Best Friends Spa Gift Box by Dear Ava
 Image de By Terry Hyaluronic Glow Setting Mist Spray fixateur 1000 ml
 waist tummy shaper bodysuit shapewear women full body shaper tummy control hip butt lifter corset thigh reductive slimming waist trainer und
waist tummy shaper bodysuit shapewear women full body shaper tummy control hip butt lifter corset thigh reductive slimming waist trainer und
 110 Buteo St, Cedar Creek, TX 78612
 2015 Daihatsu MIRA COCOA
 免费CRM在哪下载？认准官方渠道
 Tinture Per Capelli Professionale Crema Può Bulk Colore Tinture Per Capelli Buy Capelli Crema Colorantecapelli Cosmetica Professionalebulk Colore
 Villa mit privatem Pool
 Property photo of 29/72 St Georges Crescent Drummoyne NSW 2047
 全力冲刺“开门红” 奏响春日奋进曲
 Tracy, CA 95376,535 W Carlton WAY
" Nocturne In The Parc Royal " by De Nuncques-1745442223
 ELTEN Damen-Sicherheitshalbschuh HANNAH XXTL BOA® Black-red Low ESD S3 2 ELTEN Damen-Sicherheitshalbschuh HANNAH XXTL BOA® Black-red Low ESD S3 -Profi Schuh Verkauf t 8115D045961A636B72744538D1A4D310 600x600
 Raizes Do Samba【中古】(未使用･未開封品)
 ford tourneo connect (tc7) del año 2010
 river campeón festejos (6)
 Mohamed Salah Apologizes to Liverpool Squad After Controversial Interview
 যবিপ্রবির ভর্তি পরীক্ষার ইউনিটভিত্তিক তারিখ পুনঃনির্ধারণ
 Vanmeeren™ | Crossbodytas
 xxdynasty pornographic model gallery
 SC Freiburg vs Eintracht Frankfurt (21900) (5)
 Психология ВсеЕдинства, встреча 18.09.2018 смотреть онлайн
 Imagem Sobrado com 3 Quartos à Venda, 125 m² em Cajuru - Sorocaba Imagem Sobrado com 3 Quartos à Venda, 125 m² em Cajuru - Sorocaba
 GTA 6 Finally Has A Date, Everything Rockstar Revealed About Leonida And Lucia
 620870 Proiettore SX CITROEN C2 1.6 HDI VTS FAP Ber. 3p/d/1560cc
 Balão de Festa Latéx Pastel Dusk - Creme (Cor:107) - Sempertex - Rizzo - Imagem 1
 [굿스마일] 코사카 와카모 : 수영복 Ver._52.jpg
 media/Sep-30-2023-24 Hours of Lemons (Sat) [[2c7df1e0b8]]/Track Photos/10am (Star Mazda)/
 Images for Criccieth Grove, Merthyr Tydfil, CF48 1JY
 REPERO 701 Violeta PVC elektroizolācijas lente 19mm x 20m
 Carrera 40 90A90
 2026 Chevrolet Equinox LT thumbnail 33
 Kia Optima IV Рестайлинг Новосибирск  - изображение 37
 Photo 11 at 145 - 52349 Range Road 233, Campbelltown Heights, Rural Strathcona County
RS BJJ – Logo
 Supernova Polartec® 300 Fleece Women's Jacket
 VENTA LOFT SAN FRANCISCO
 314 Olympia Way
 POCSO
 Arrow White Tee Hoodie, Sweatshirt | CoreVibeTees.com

Requirement:
Produce the whole listing again, exactly as it reads above.

Answer for this exercise:
Best Friends Spa Gift Box by Dear Ava
 Image de By Terry Hyaluronic Glow Setting Mist Spray fixateur 1000 ml
 waist tummy shaper bodysuit shapewear women full body shaper tummy control hip butt lifter corset thigh reductive slimming waist trainer und
waist tummy shaper bodysuit shapewear women full body shaper tummy control hip butt lifter corset thigh reductive slimming waist trainer und
 110 Buteo St, Cedar Creek, TX 78612
 2015 Daihatsu MIRA COCOA
 免费CRM在哪下载？认准官方渠道
 Tinture Per Capelli Professionale Crema Può Bulk Colore Tinture Per Capelli Buy Capelli Crema Colorantecapelli Cosmetica Professionalebulk Colore
 Villa mit privatem Pool
 Property photo of 29/72 St Georges Crescent Drummoyne NSW 2047
 全力冲刺“开门红” 奏响春日奋进曲
 Tracy, CA 95376,535 W Carlton WAY
" Nocturne In The Parc Royal " by De Nuncques-1745442223
 ELTEN Damen-Sicherheitshalbschuh HANNAH XXTL BOA® Black-red Low ESD S3 2 ELTEN Damen-Sicherheitshalbschuh HANNAH XXTL BOA® Black-red Low ESD S3 -Profi Schuh Verkauf t 8115D045961A636B72744538D1A4D310 600x600
 Raizes Do Samba【中古】(未使用･未開封品)
 ford tourneo connect (tc7) del año 2010
 river campeón festejos (6)
 Mohamed Salah Apologizes to Liverpool Squad After Controversial Interview
 যবিপ্রবির ভর্তি পরীক্ষার ইউনিটভিত্তিক তারিখ পুনঃনির্ধারণ
 Vanmeeren™ | Crossbodytas
 xxdynasty pornographic model gallery
 SC Freiburg vs Eintracht Frankfurt (21900) (5)
 Психология ВсеЕдинства, встреча 18.09.2018 смотреть онлайн
 Imagem Sobrado com 3 Quartos à Venda, 125 m² em Cajuru - Sorocaba Imagem Sobrado com 3 Quartos à Venda, 125 m² em Cajuru - Sorocaba
 GTA 6 Finally Has A Date, Everything Rockstar Revealed About Leonida And Lucia
 620870 Proiettore SX CITROEN C2 1.6 HDI VTS FAP Ber. 3p/d/1560cc
 Balão de Festa Latéx Pastel Dusk - Creme (Cor:107) - Sempertex - Rizzo - Imagem 1
 [굿스마일] 코사카 와카모 : 수영복 Ver._52.jpg
 media/Sep-30-2023-24 Hours of Lemons (Sat) [[2c7df1e0b8]]/Track Photos/10am (Star Mazda)/
 Images for Criccieth Grove, Merthyr Tydfil, CF48 1JY
 REPERO 701 Violeta PVC elektroizolācijas lente 19mm x 20m
 Carrera 40 90A90
 2026 Chevrolet Equinox LT thumbnail 33
 Kia Optima IV Рестайлинг Новосибирск  - изображение 37
 Photo 11 at 145 - 52349 Range Road 233, Campbelltown Heights, Rural Strathcona County
RS BJJ – Logo
 Supernova Polartec® 300 Fleece Women's Jacket
 VENTA LOFT SAN FRANCISCO
 314 Olympia Way
 POCSO
 Arrow White Tee Hoodie, Sweatshirt | CoreVibeTees.com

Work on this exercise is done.